Copyright © 2017 DataScience.US All Rights Reserved.
Why Big Data and Data Scientists Are Overrated
What does it take to get value out of data?
Many organizations assume that you need a big collection of data and a highly skilled data scientist to spin all those 1s and 0s into dollar signs. In reality, companies need neither of those things to be successful with data.
One of the biggest mistakes that organizations can make with their data analytics projects is to assume they need a data scientist at the very beginning. According to Daniel Mintz, chief data evangelist with Looker, organizations are much better off starting lower on the data analytics food chain and working their way up as they gain proficiency.
“I’ve seen cases where people hired a data scientist way before they’re ready,” Mintz tells Datanami. “They don’t actually have any data, and even if they do, it’s dirty and dispersed across a whole bunch of places. The data scientist who doesn’t necessarily understand their business arrives and says ‘Where’s the nicely curated data set that you want me to use to solve problems?’ And they say, ‘Oh we didn’t’ know that was a prerequisite.’”
The fact is, data scientists spend about three-quarters of their time doing data janitorial work – collecting, transforming, and cleaning data – rather than building the complex predictive models that they were actually hired for. That equals frustration for data scientists who had high hopes of making an impact, and sour grapes for the people who hired them.

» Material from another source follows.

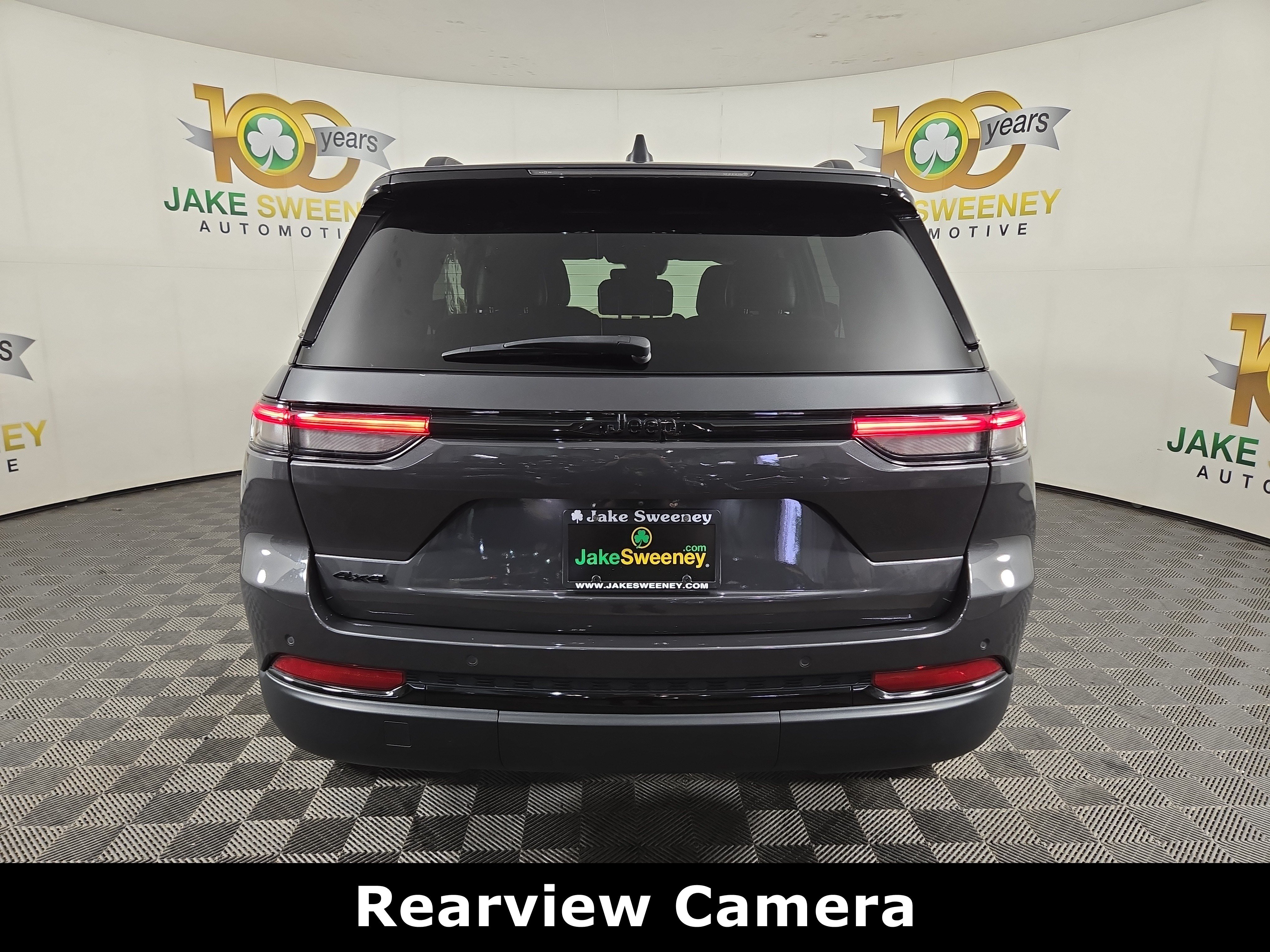 Used 2023 Jeep Grand Cherokee Altitude AWD/4WD image 7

Organizations should start with the basics, and work up from there. Instead of being lured by the “shiny object” syndrome and thinking you need a big Hadoop data lake or neural networks to solve a problem, seek the simplest answer.
“People make a mistake if they jump right to the most sophisticated tool, because they’re wasting a lot of time,” Mintz says. “The reality is a lot of problems are quite tractable with a simple regression. And some problems don’t even need that. You can just look at the data and see what’s happening.”

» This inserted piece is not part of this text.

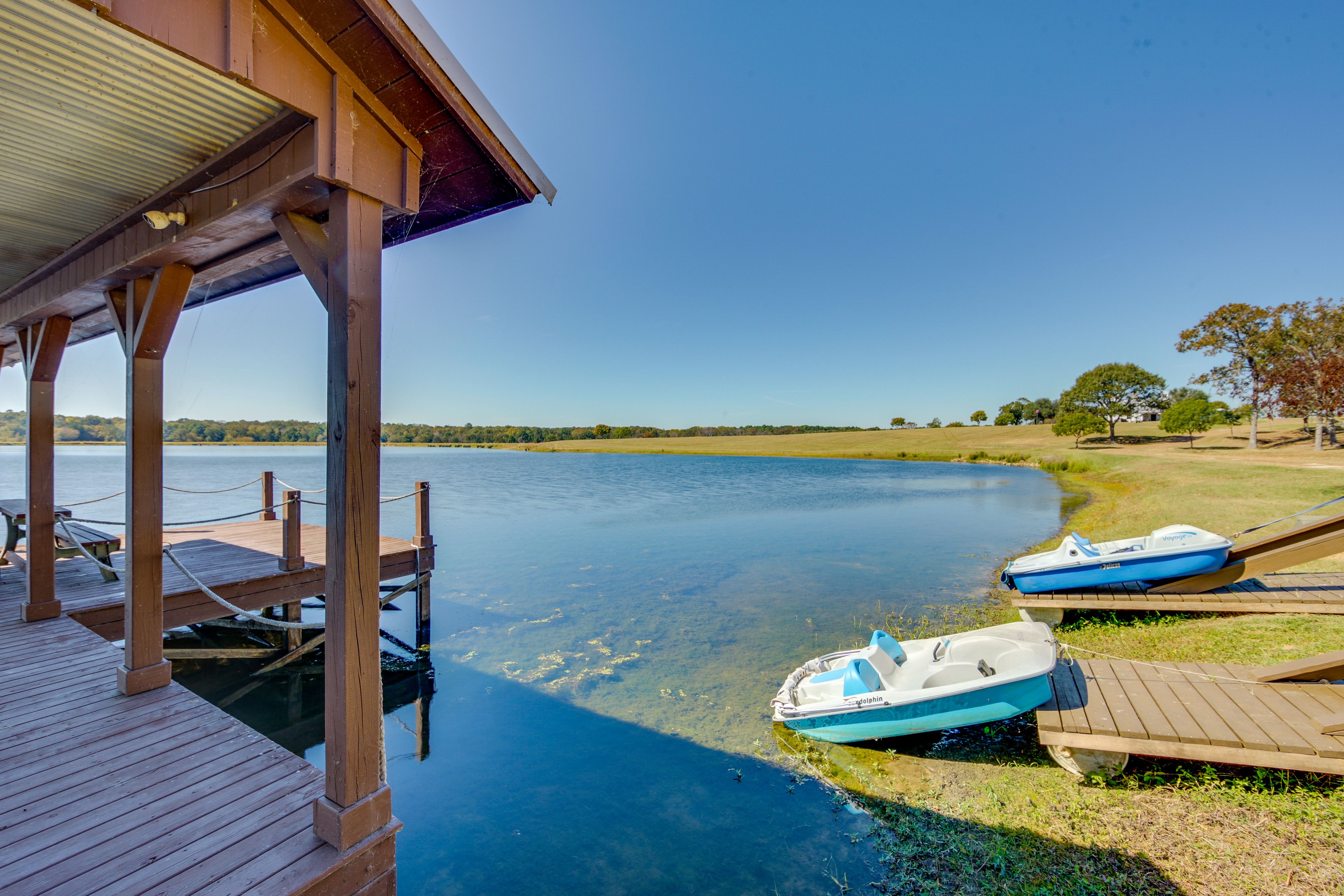 Shared Amenities | Dock | Pedal Boat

Mintz’s personnel advice? Hire data generalists who can do the time-consuming data legwork that’s needs to be done before more highly skilled (and highly paid) data scientists come in to do their highly specialized thing.
“The really key skill is having somebody who can take what is fundamentally a business question and translate that into a data question,” says Mintz, who previously at MoveOn.org and other data-intensive operations. “That’s the key skill. When you’re not big enough to have specialists, the business people, who aren’t data people, will know what the right business questions are.”
Mintz recommends pairing a SQL-loving analyst with an ETL-loving engineer to start helping the business prepare themselves to answer questions with data. As they document their data stores, define organization-specific metrics, and create workflows that transform and combine data in reliable and useful ways, they will start to see how the super powers of the real data scientists could best be used.